▶ [WHAT TO DO]: For this exercise, repeat exactly the lines below starting at the line holding "TUMTUM TT5020 WEANY" and ending at the line holding "Hình ảnh sách", both included, with no extra lines and no pictures.

▶ [RECORDS SHOWN]:
/---
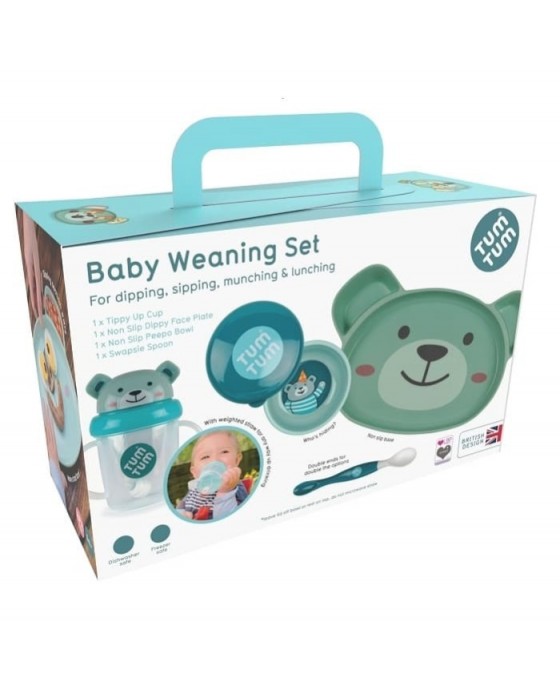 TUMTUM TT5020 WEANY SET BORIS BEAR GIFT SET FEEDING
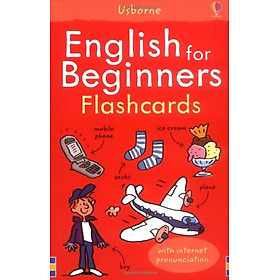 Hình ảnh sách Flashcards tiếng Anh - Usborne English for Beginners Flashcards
\---
/---
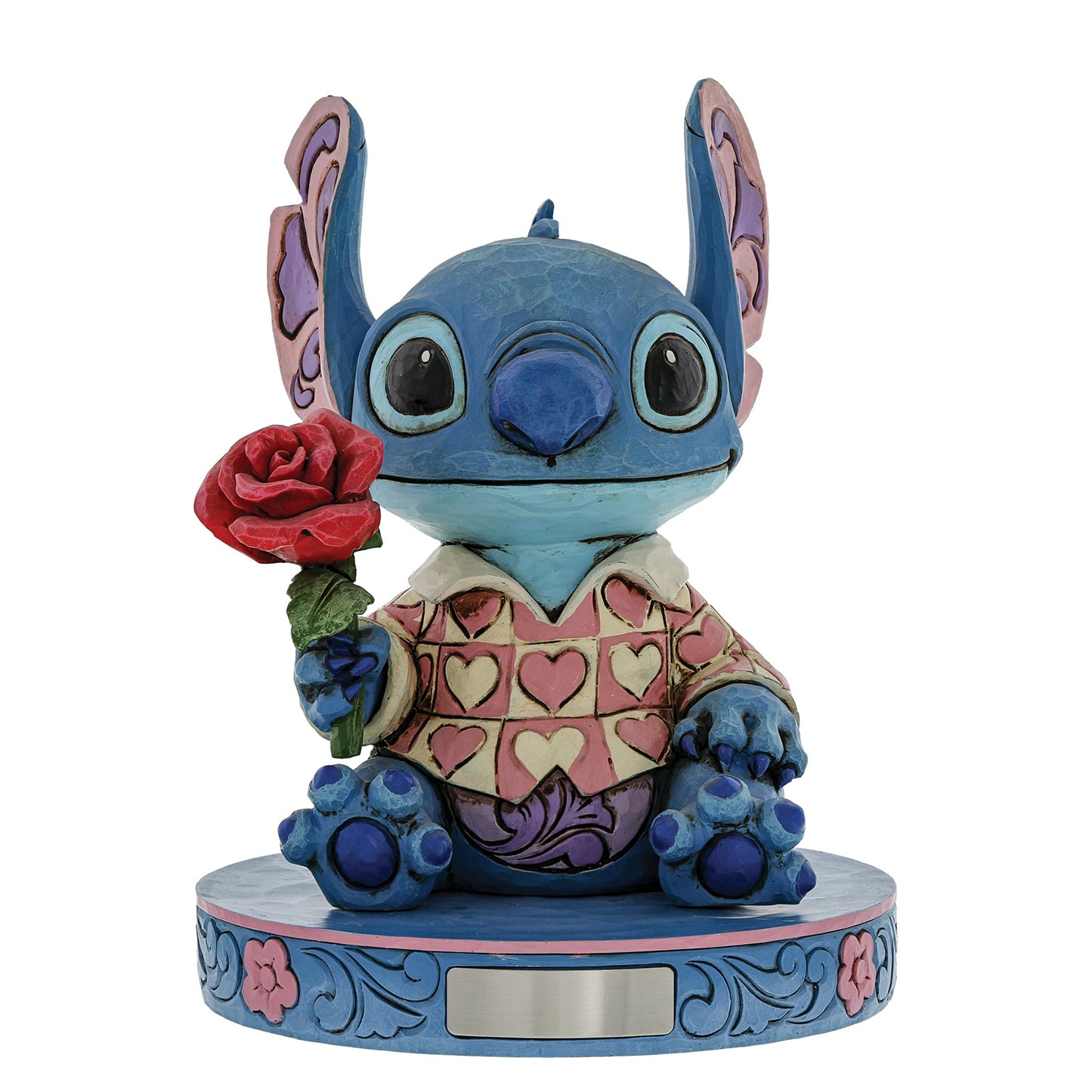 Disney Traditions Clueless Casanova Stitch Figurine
\---
/---
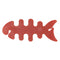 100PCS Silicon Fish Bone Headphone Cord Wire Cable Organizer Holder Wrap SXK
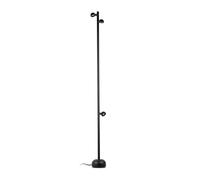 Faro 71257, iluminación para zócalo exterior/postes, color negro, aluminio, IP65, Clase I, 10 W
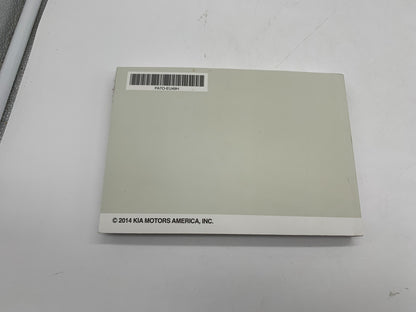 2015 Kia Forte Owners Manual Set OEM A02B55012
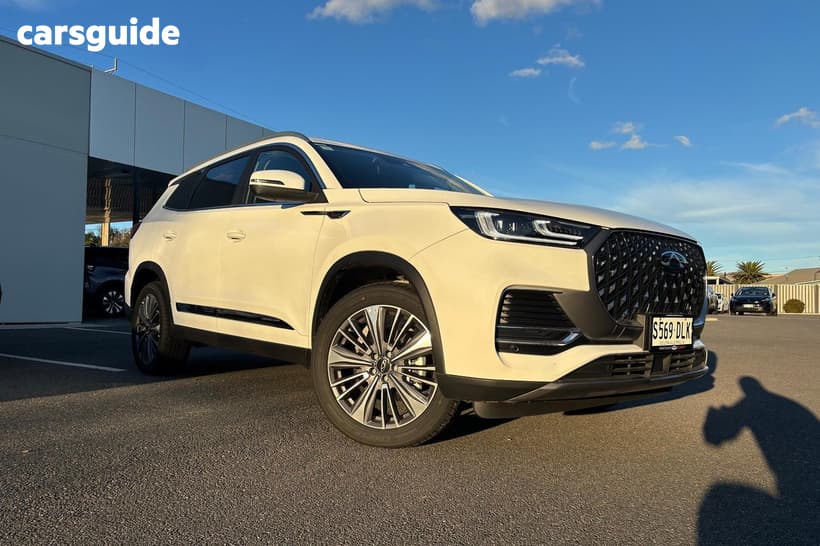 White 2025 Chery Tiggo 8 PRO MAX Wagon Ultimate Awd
\---
▶ [RESPONSE TO THIS EXERCISE]:
 TUMTUM TT5020 WEANY SET BORIS BEAR GIFT SET FEEDING
 Hình ảnh sách Flashcards tiếng Anh - Usborne English for Beginners Flashcards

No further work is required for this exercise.